GOAL OF THE EXERCISE.
The required output is the exact run of lines below that opens at the line with "Mazan House |" and closes at the line with "Sofia: Warsztaty pieczenia".

DATA RECORDS.
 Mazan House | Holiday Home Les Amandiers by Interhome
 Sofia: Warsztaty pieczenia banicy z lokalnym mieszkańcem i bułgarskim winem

==

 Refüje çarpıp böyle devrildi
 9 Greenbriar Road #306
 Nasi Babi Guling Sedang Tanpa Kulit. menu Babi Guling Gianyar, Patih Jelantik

ANSWER TO THIS PROBLEM.
 Mazan House | Holiday Home Les Amandiers by Interhome
 Sofia: Warsztaty pieczenia banicy z lokalnym mieszkańcem i bułgarskim winem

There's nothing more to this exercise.